Chevron’s timing for expanding in the Middle East is also very good from a political standpoint. Israel and two Arab countries have recently agreed to normalize relations in what could turn out to be positive momentum for growing the relations between formerly hostile nations through energy.
Last but not least, by taking over Noble Energy’s producing assets in the Eastern Mediterranean, Chevron expects strong cash flow and returns in the near term, while capital expenditure requirements will be low.
“Noble Energy brings low-capital, cash-generating offshore assets in Israel, strengthening Chevron’s position in the Eastern Mediterranean,” Chevron said earlier this month, announcing it had completed the acquisition.
From The Permian To The Middle East
Chevron, like all U.S. companies, cut capex in the Permian early this year in response to the market conditions and plummeting oil prices. Chevron cut in March its guidance for 2020 organic capital and exploratory spending by 20 percent to US$16 billion, including a US$2-billion cut in upstream unconventionals, primarily in the Permian Basin.
Prompted by the oil price collapse, Chevron is diversifying its portfolio with gas assets outside the U.S. to seize opportunities in the growing natural gas markets in Europe and the Middle East as global gas demand growth is expected to be higher than oil demand growth, both in the near future and in the long term.
What’s more, Chevron’s newly-acquired assets in the Eastern Mediterranean will not be capital-intensive in the near term.
“At a time when cash flow matters, that’s a very appealing attribute,” Chevron’s chairman and chief executive Mike Wirth told Reuters in an interview published this week.
Eastern Mediterranean Draws More Interest From Majors
Interest in the Eastern Mediterranean has increased in recent years, and Chevron sees the area as a promising province for additional natural gas discoveries.
“We like the Eastern Med. It’s becoming quite a prospective province, an area that perhaps had been a little bit underexplored historically,” Wirth said at the Energy Intelligence Forum earlier this month.
Since Italy’s major Eni discovered the giant Zohr gas field offshore Egypt in 2015, the Eastern Med has attracted more interest from international oil companies.
“Five years ago the Eastern Med wasn’t viewed as endowed from a resource standpoint as I think most people would say today. That’s a fundamental shift,” Wirth told Reuters.
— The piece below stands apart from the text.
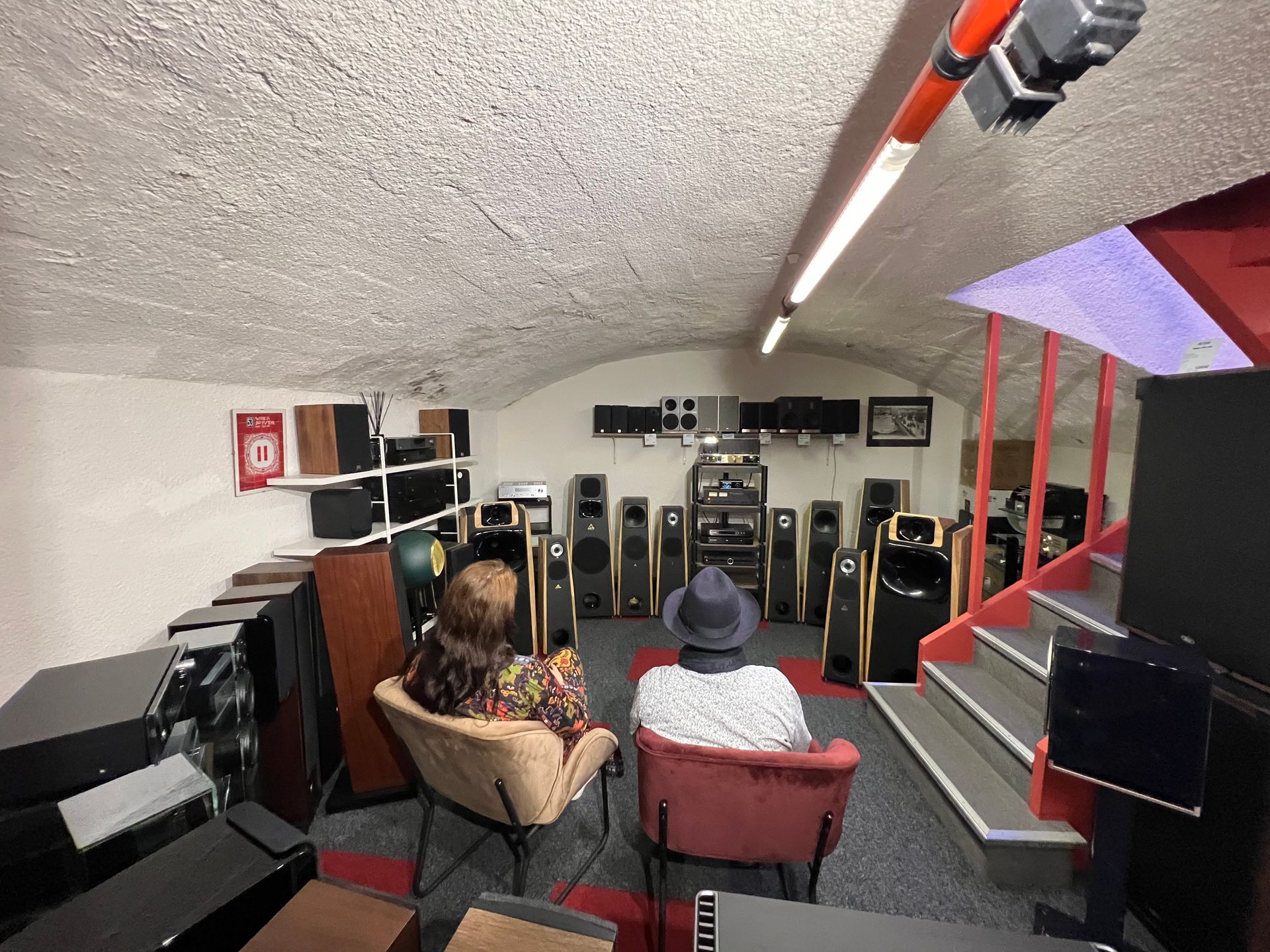 Personnes assises dans l'auditorium du magasin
Arab-Israel Rapprochement Could Help Energy Projects In East Med
Companies such as Chevron also see the recent normalization of relations between Israel and the United Arab Emirates (UAE) and Bahrain as positive for energy projects. Israel also has normalized relations with Egypt and Jordan, and, thanks to Chevron’s new asset—the Leviathan gas field—started exporting natural gas to Egypt and Jordan in January this year.
“This move also allows Israel to export some of its natural gas to Europe through Egypt’s LNG facilities, and promote Egypt’s status as a regional gas hub,” the Israeli energy ministry said in mid-January.
The deal under which Israel will export natural gas to Egypt has been described by Israeli officials as one of the most important bilateral agreements since the two countries made peace 40 years ago.
“I would say that the ties between countries are moving in a positive direction,” Chevron’s Wirth said at the Energy Intelligence Forum, commenting on the relations in the Middle East.
“These things aren’t a straight line. They can go up and down. But we see a lot of positives to support the development of commercial ties between countries, and energy can be a very important component of that,” Chevron’s top executive said.
Chevron is also interested in partnering with Qatar in its plans for a major expansion of its liquefied natural gas (LNG) production and exports, Wirth said.
After the downturn is over, Chevron could be well-positioned to further develop natural gas resources in the Eastern Mediterranean, diversifying its strategic position in U.S. shale with opportunities to sell gas to the Middle Eastern and European markets.